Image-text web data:
════════
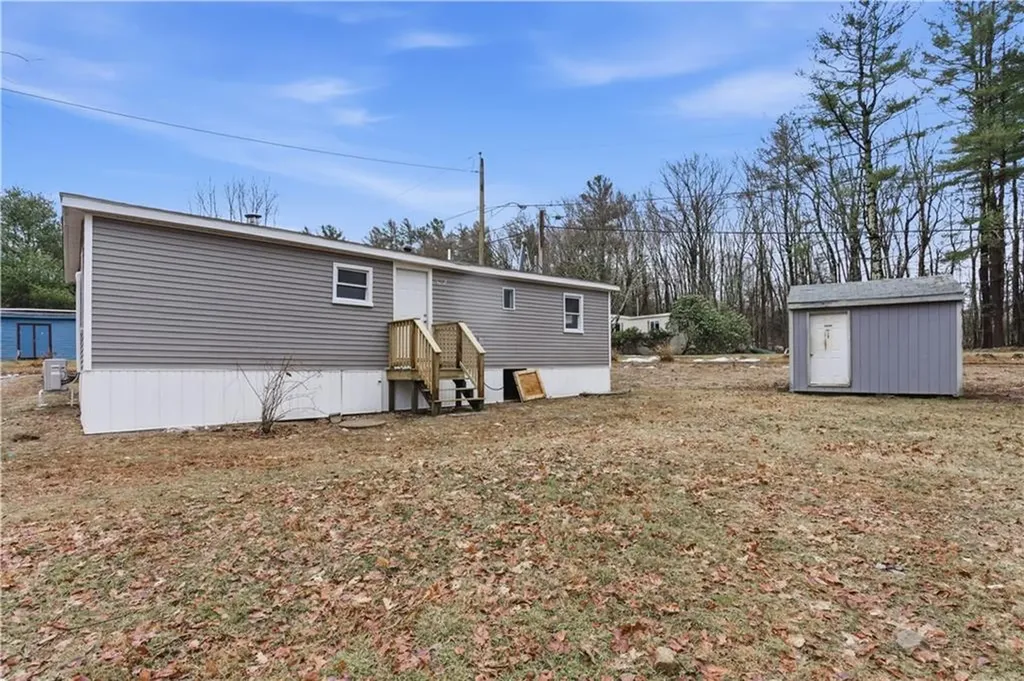 61 Everson Drive Glocester RI 02814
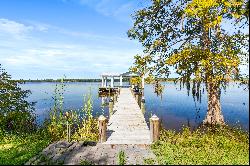 Freeport Waterfront Estate Spanning 20+ Acres With Private Dock And Boat Lift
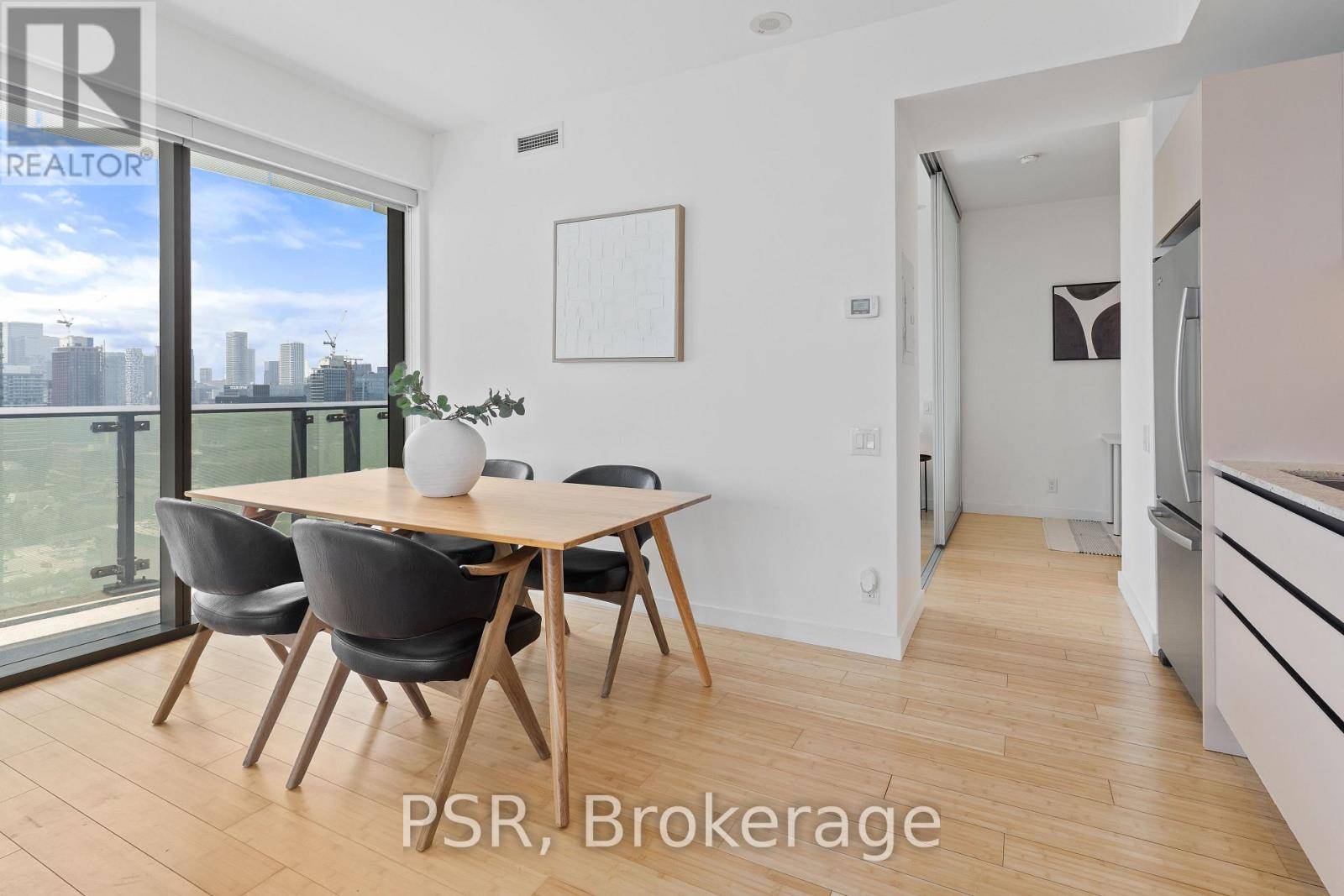 Toronto (waterfront Communities), ON M5A0E2,390 Cherry ST #2708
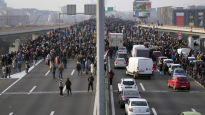"리튬 채굴 반대" 유럽 최악 '오염국가' 세르비아 3주째 시위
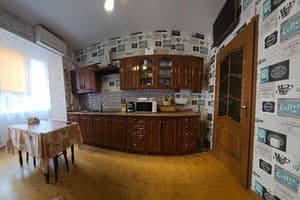 Хостел De Maris. Место в мужском 6-местном номере  8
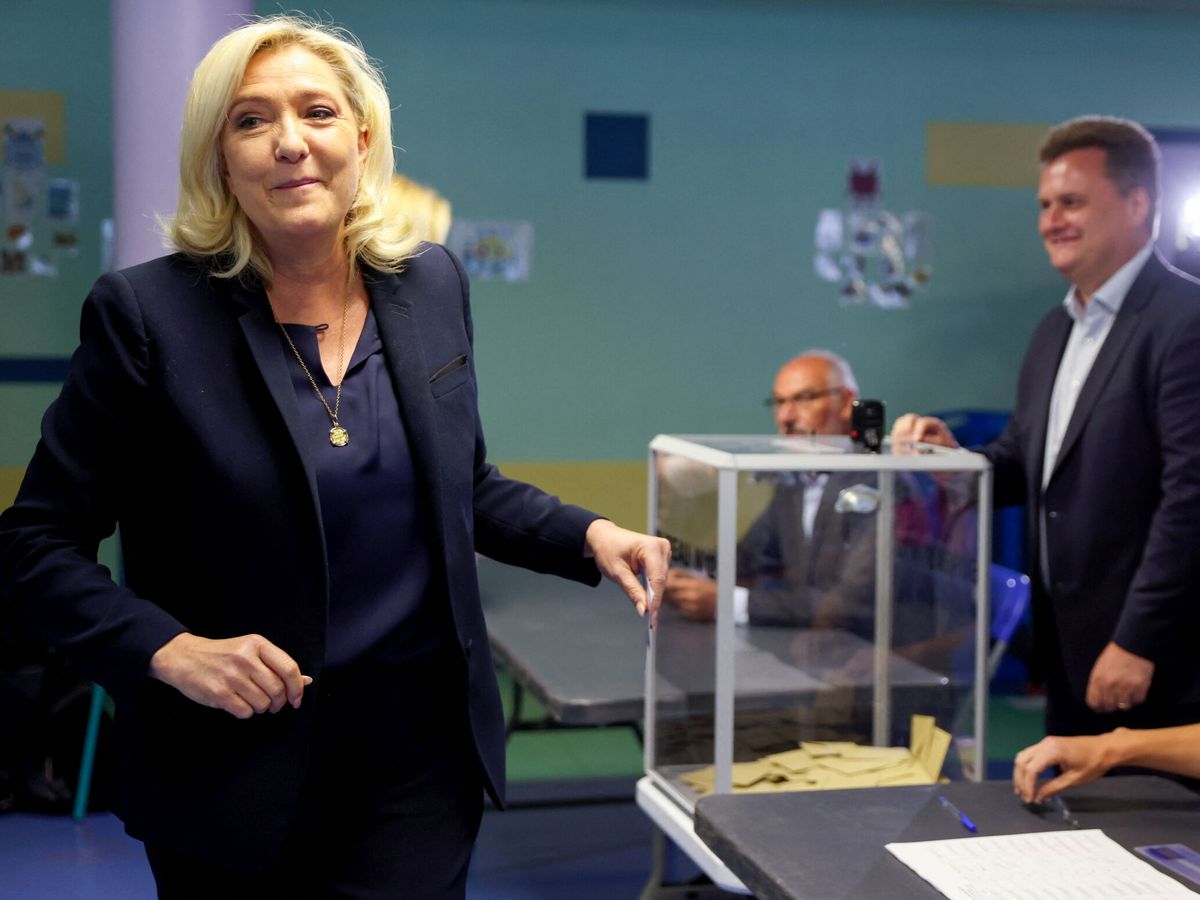 Foto: Le Pen vota en la segunda ronda de las legislativas. (Reuters/Johanna Geron)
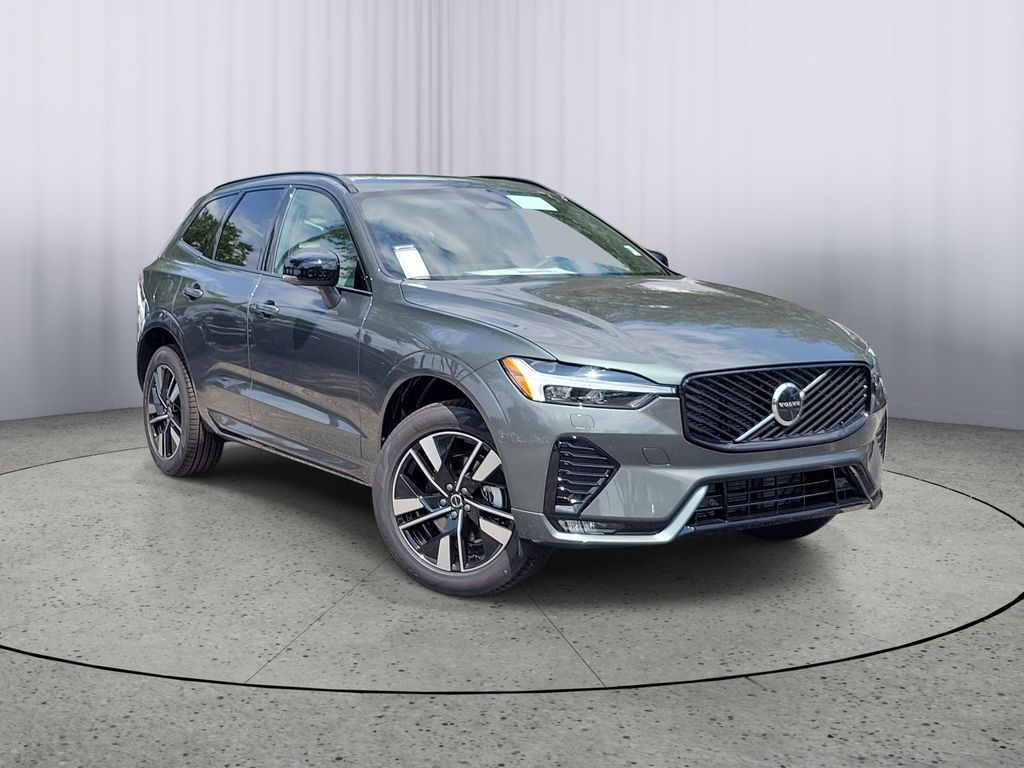 2026 Volvo XC60 B5 Core Dark AWD's photo
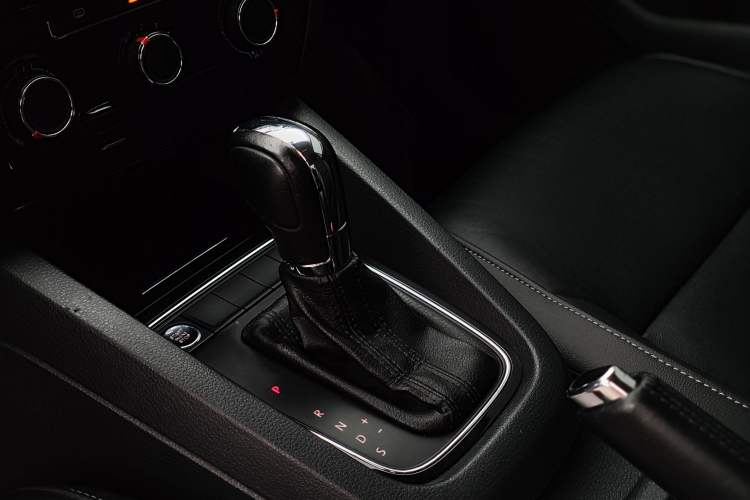 Used Volkswagen Sagitar 2018 1.6L Automatic Comfort Model Gear Lever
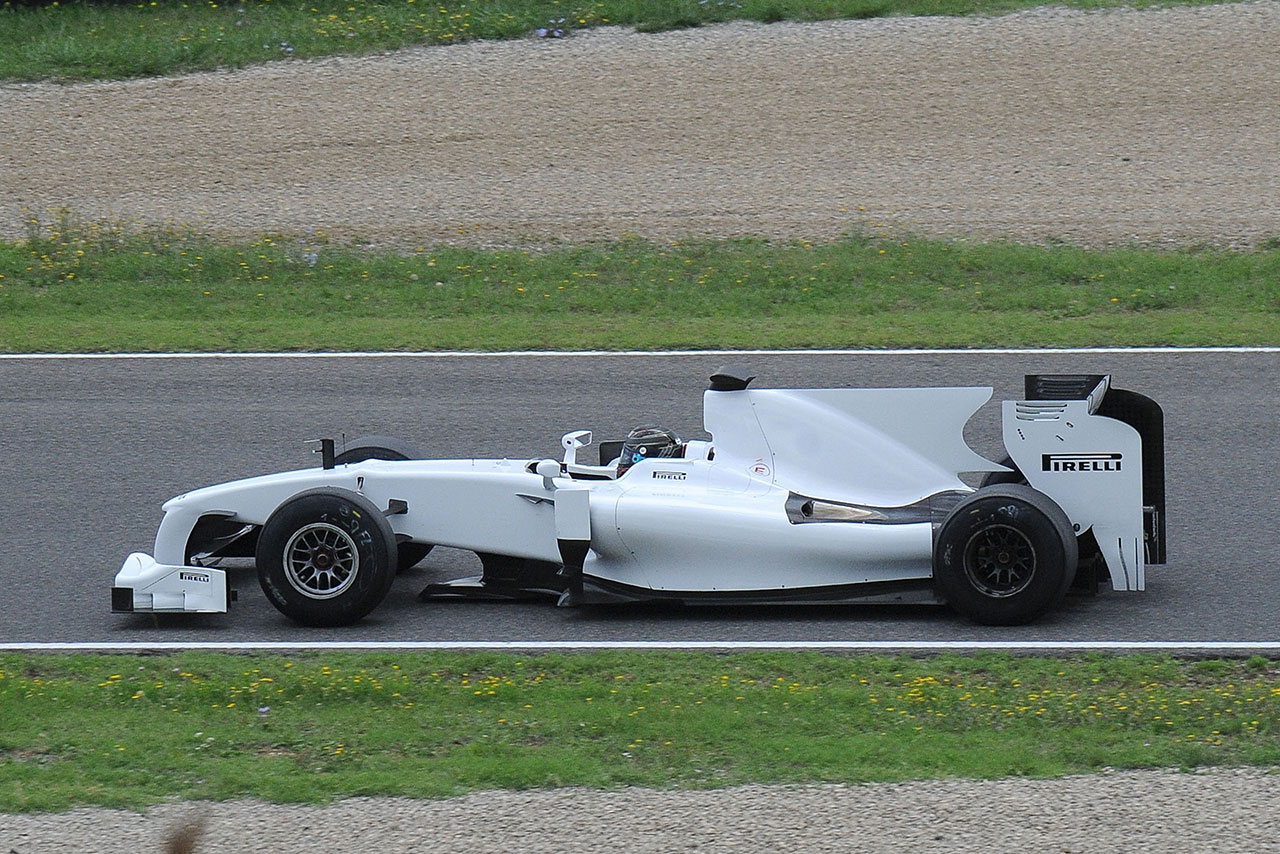 ピレリのF1タイヤ開発テストに使用されるトヨタ『TF109』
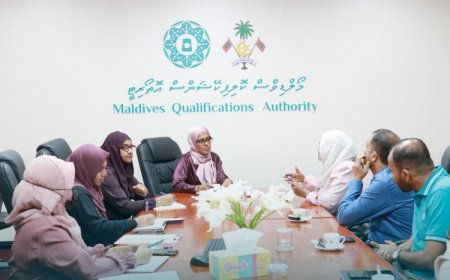 އެމްކިއުއޭގެ ހުއްދަނެތި ބޭރުގައި ހިންގާ ކޯސްތަކުގެ ސެޓްފިކެޓް ބަލައެއް ނުގަނެވޭނެ: އެމްކިއުއޭ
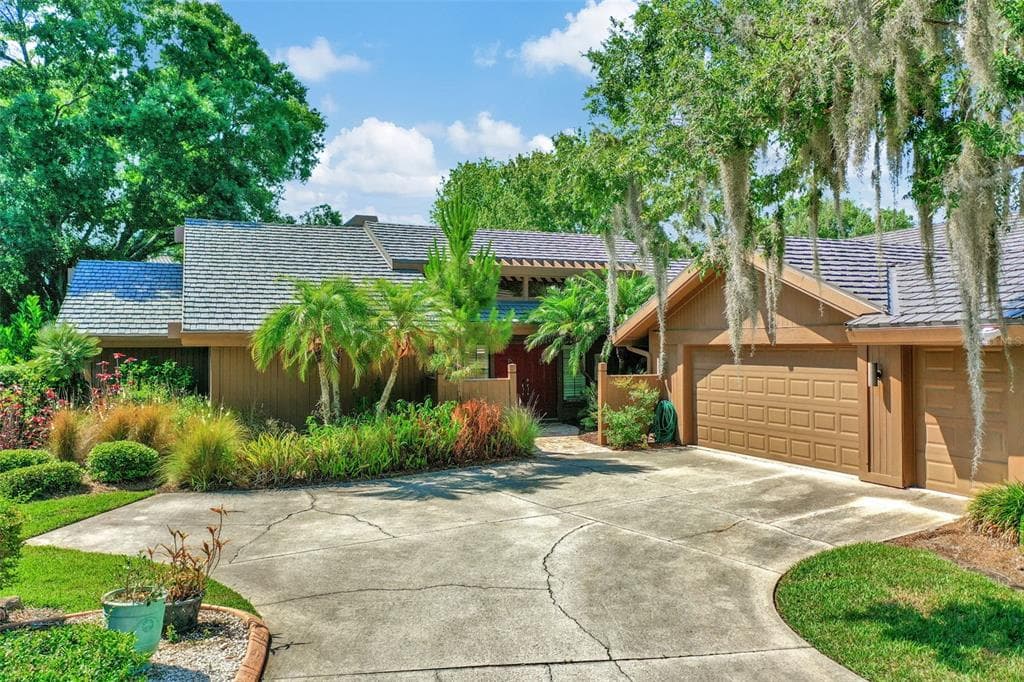 5339 SAND CRANE COURT WESLEY CHAPEL, FL 33543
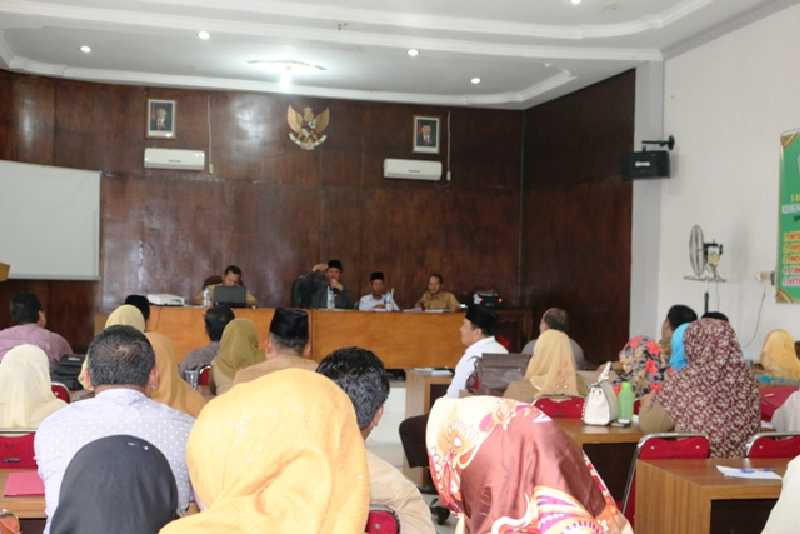 Kepada Guru, Kemenag Kampar Berpesan Jadilah Contoh di Setiap Madrasah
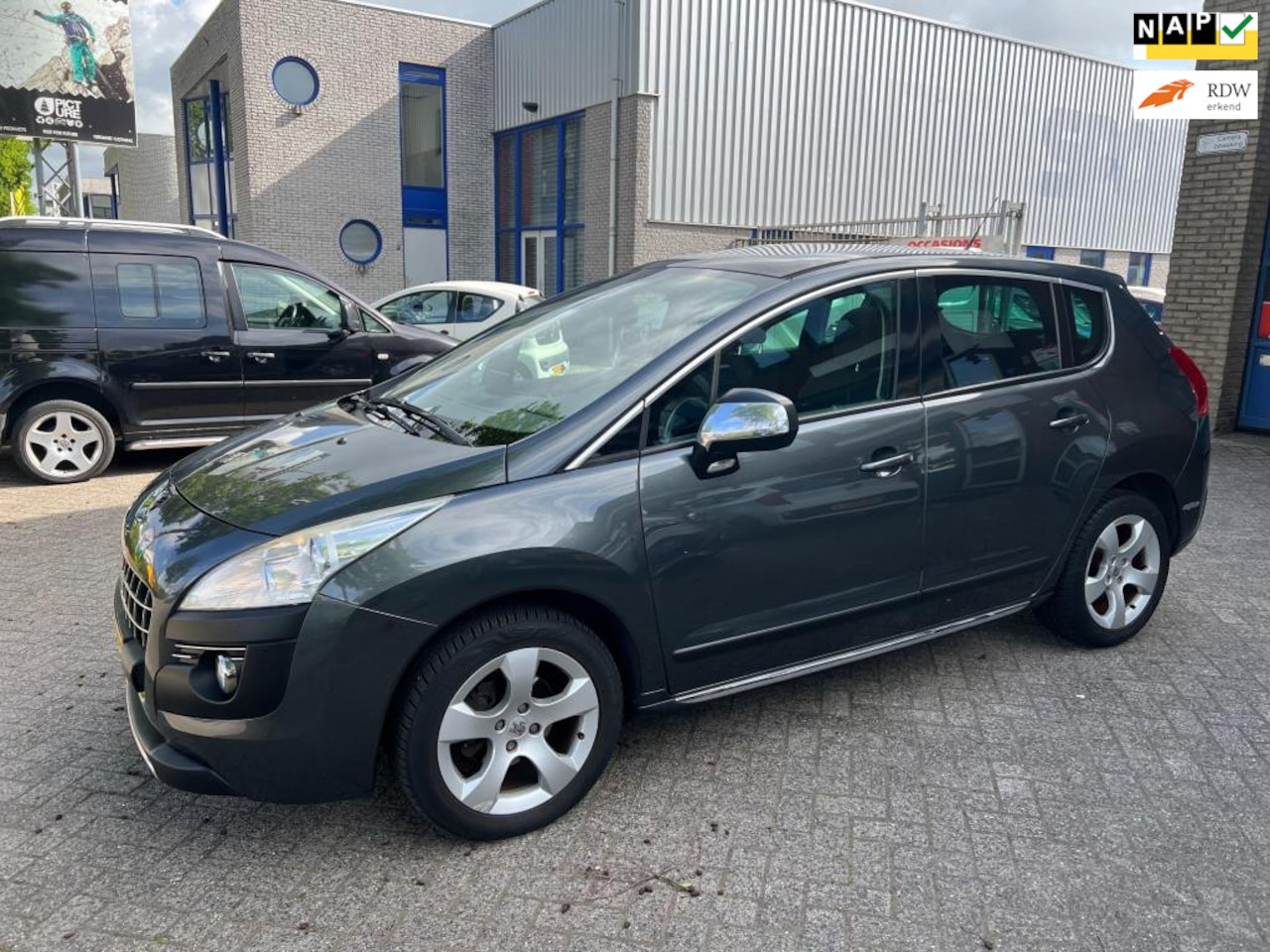Peugeot 3008 - 1.6 VTi Style Nap, Aflever beurt, Panorama dak, Navigatie - AutoWereld.nl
════════
§ **WORK TO BE COMPLETED**:
Having removed the pictures, write out the records exactly as they stand.

§ **TASK RESULT**:
 61 Everson Drive Glocester RI 02814
 Freeport Waterfront Estate Spanning 20+ Acres With Private Dock And Boat Lift
 Toronto (waterfront Communities), ON M5A0E2,390 Cherry ST #2708
"리튬 채굴 반대" 유럽 최악 '오염국가' 세르비아 3주째 시위
 Хостел De Maris. Место в мужском 6-местном номере  8
 Foto: Le Pen vota en la segunda ronda de las legislativas. (Reuters/Johanna Geron)
 2026 Volvo XC60 B5 Core Dark AWD's photo
 Used Volkswagen Sagitar 2018 1.6L Automatic Comfort Model Gear Lever
 ピレリのF1タイヤ開発テストに使用されるトヨタ『TF109』
 އެމްކިއުއޭގެ ހުއްދަނެތި ބޭރުގައި ހިންގާ ކޯސްތަކުގެ ސެޓްފިކެޓް ބަލައެއް ނުގަނެވޭނެ: އެމްކިއުއޭ
 5339 SAND CRANE COURT WESLEY CHAPEL, FL 33543
 Kepada Guru, Kemenag Kampar Berpesan Jadilah Contoh di Setiap Madrasah
Peugeot 3008 - 1.6 VTi Style Nap, Aflever beurt, Panorama dak, Navigatie - AutoWereld.nl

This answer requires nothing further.